If that strikes a little too close to your heart… so did Jesus words to Peter.  “Get behind me Satan!” He said.  You are not setting your hearts on the things of God but on the things of man.  In Martin Luther’s words, “You are being a Theologian of Glory not at Theologian of the Cross.”
As I said before, all human religion is based on a Theology of Glory.  A very basic way to think if that is this:  “do good things for your god and he will do good things for you.”  It doesn’t matter if you’re talking about Islam, Buddhism, Hinduism, Judaism, Jehovah’s Witnesses, Mormons, or any other religion you can name.  They are all the same.  It even affects Christian churches and preachers like Joel Osteen, Rick Warren.  Only true Christianity is different.  
For the word of the cross is folly to those who are perishing, but to us who are being saved it is the power of God. For it is written, “I will destroy the wisdom of the wise, and the discernment of the discerning I will thwart.” Where is the one who is wise? Where is the scribe? Where is the debater of this age? Has not God made foolish the wisdom of the world? For since, in the wisdom of God, the world did not know God through wisdom, it pleased God through the folly of what we preach to save those who believe. For Jews demand signs and Greeks seek wisdom, but we preach Christ crucified, a stumbling block to Jews and folly to Gentiles, but to those who are called, both Jews and Greeks, Christ the power of God and the wisdom of God. For the foolishness of God is wiser than men, and the weakness of God is stronger than men. (1 Corinthians 1:18-25, ESV)
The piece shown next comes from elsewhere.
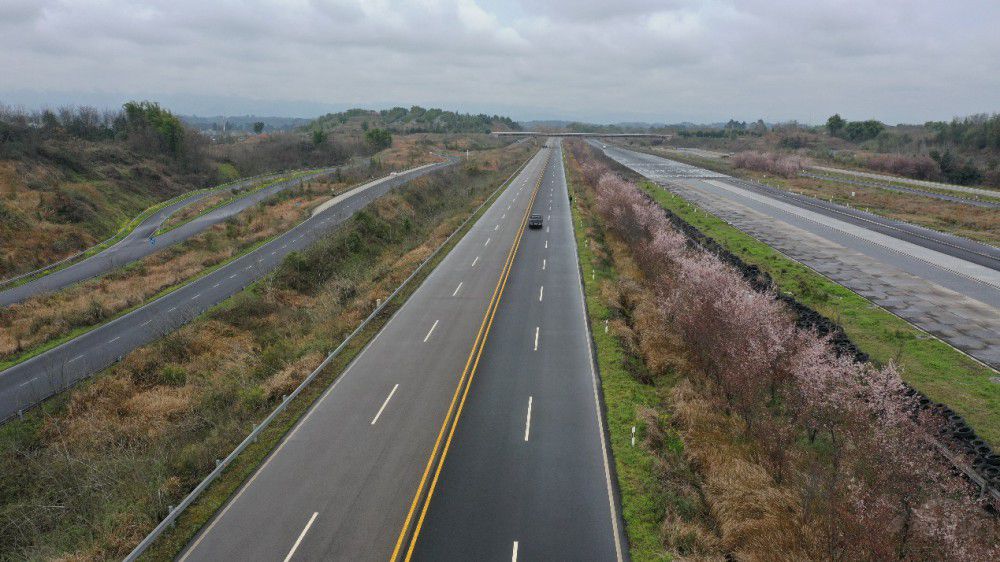 長(zhǎng)安覽拓者輕松通過(guò)三大動(dòng)力性能極限挑戰(zhàn) 長(zhǎng)安覽拓者輕松通過(guò)三大動(dòng)力性能極限挑戰(zhàn)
The foolishness of God is the cross of Jesus Christ; the Theology of the Cross.  What exactly is that theology, that god-talk, all about?  Well, instead of thinking that we can change God’s attitude about us by what we do, we, that is the Theologians of the Cross, see that there’s nothing we can do that changes God’s attitude toward us.  Everything we do is polluted by sin.  Yes, I did say everything.  Remember, “We are by nature sinful and unclean.”  Sinful trees produce sinful fruit.  It’s our sinful nature that only deserves God’s present and eternal punishment, and nothing else.  We can’t work our way into God’s good graces.  He doesn’t work that way.  And more importantly we can’t tell if God is happy with us by the way things look in our lives.  It’s like St. Paul says, God hides himself in weakness and foolishness.  One pastor I know says it like this:
God, Who is all-powerful, hides Himself in weakness. God, Who is all wise, hides Himself in foolishness. God, Who is living, hides Himself in death.  (Rev. Todd Wilken, the new Issues, Etc. Journal - Vol. 2, No. 1; The Theology of the Cross: Cross-Shaped Theology) 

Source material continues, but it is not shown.